En una sociedad donde todo es de color blanco o negro, en la que la escala de grises ha desaparecido, difícil está creer en los buenos sentimientos. En una sociedad en la que el hedor a putrefacto nos dirige hacia una ideología que aspira a disfrutar de las mismas perversiones que los que ahora conforman la casta, difícil está no ir a votar caliente como un macho a ver lo que sale. En una sociedad en la que la clase media ya es historia, difícil está mantener la dignidad intacta sin caer en la tentación del timo. Estoy harto de oír que España es un país de pícaros, que somos una nación de siesta y trajes de lunares que acaban pringados de manzanilla y fritangas por el desgaste de una fiesta, que en Alemania el pedigrí laboral es otro y que por eso estamos como estamos... ¿Cómo estamos? Sabemos realmente cómo estamos. Si me fío de la cantidad de lisiados que han tomado nuestras calles, juro por mi honor que no sabría decir si en lugar de Estados Unidos fue España la que participó en la Guerra del Vietnam. Esta mañana, sin ir más lejos, me crucé con un ser humano que parecía un ovillo tirado sobre la acera.
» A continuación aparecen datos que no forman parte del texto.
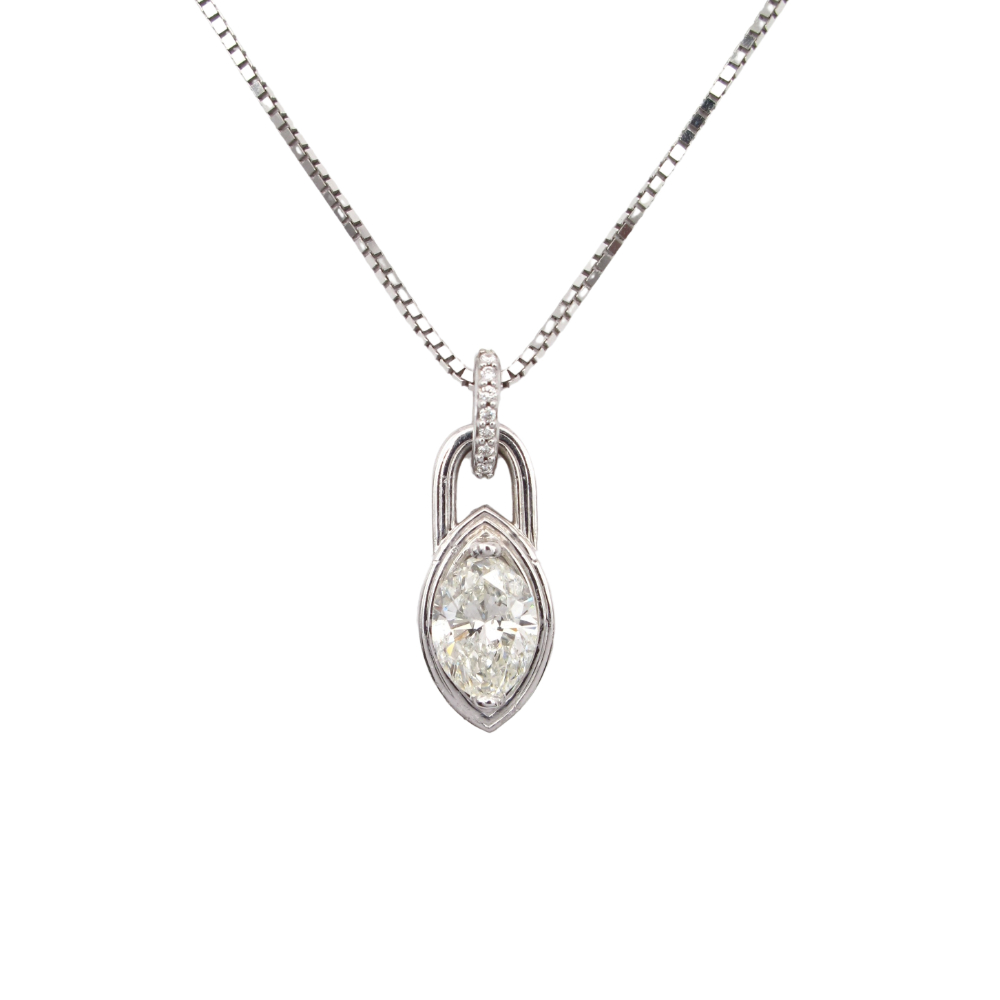 Marquise Diamond Solitaire Padlock Pendant Necklace .79 ctw 14k White Gold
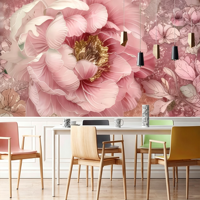 Nouveau Papier Peint Mural Non Tissé Rose Floral Rétro Personnalisé 2026 pour Chambre à Coucher, Fond Chaleureux, Papier Peint Adhésif Décollable et Collable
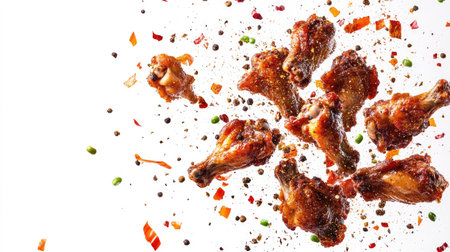 A close-up of crispy roasted chicken wings with spices flying above, creating a dynamic and flavorful scene against a white background.の素材
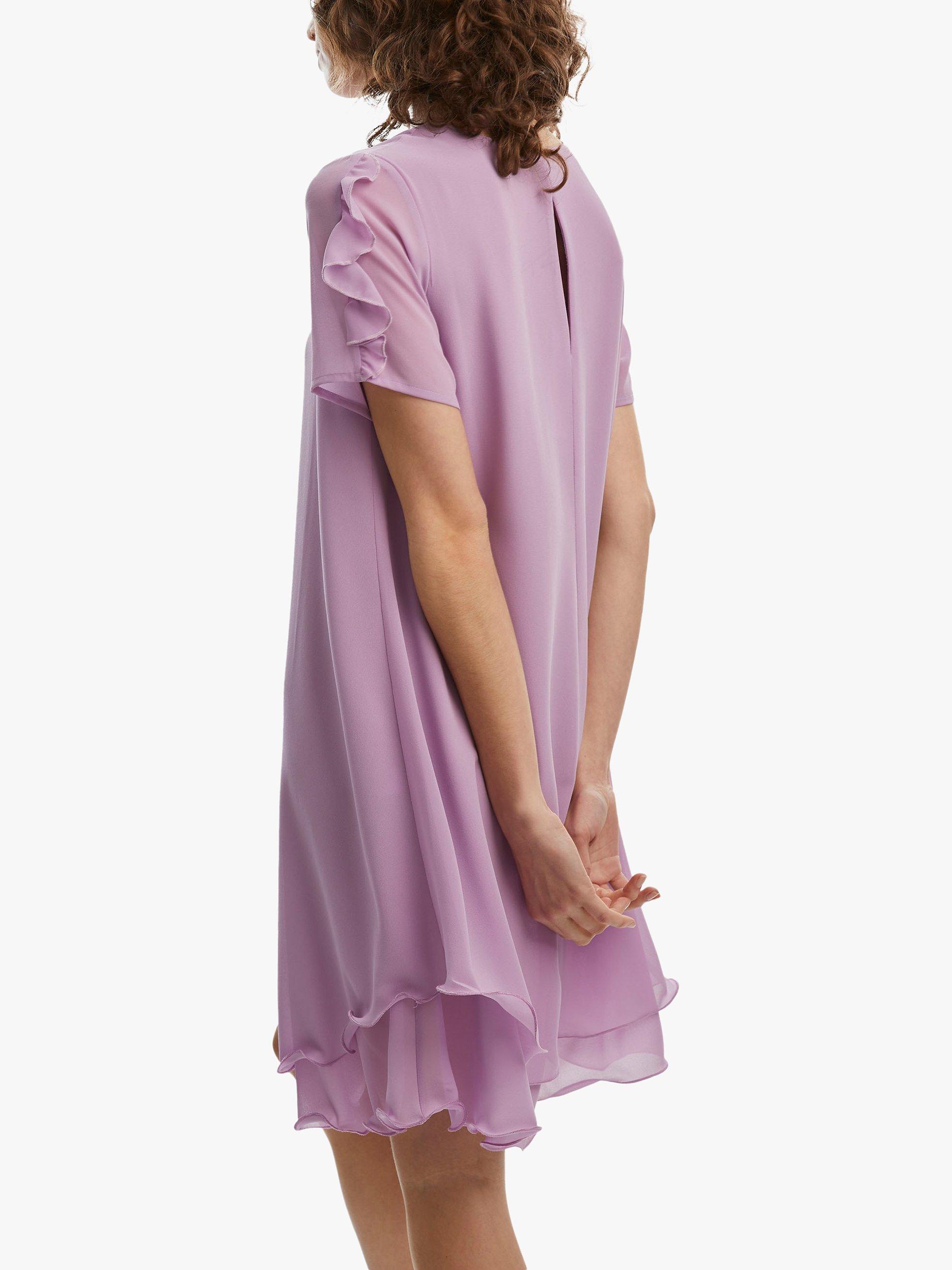 James Lakeland Short Sleeve Wave Hem Dress, Lilac, 8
Palpé el bolsillo derecho de mi vaquero y le di un euro. La imagen de aquel señor esparramado bajo el siempre molesto "chipi-chipi" me hizo reflexionar sobre lo afortunado que era. Me tocó el corazón antes de entrar a una cafetería a tomar un natural y a ver qué es lo que habían escrito en EL DÍA.

La camarera no me había servido aún el cortado cuando entró el tullido. Tenía las manos tan largas como las mías, sus piernas rectas como listones e igual de finas como las que describe el maestro García Márquez cuando se refiere al difunto Santiago Nasar. Creo que me reconoció, pero ni se inmutó ni abandonó el local avergonzado por su fechoría. Un "croissant" (o cruasán) de jamón y queso, un café con leche y una cañita de agua con gas pidió el condenado. Mientras leía despistado que "Economía prevé 800.000 nuevos ocupados entre 2013 y 2015" caí en la cuenta de que a lo mejor lo que tenía aquel espabilado era hambre. Si era eso, no me sentí culpable por rebajar su hambruna. Lo que me dio rabia fue ver cómo una hora más tarde, de vuelta a la redacción, el mismo ser (esta vez caracterizado con unas babas casi epilépticas que se descolgaban por el lado izquierdo de su barbilla) suplicaba unas monedas.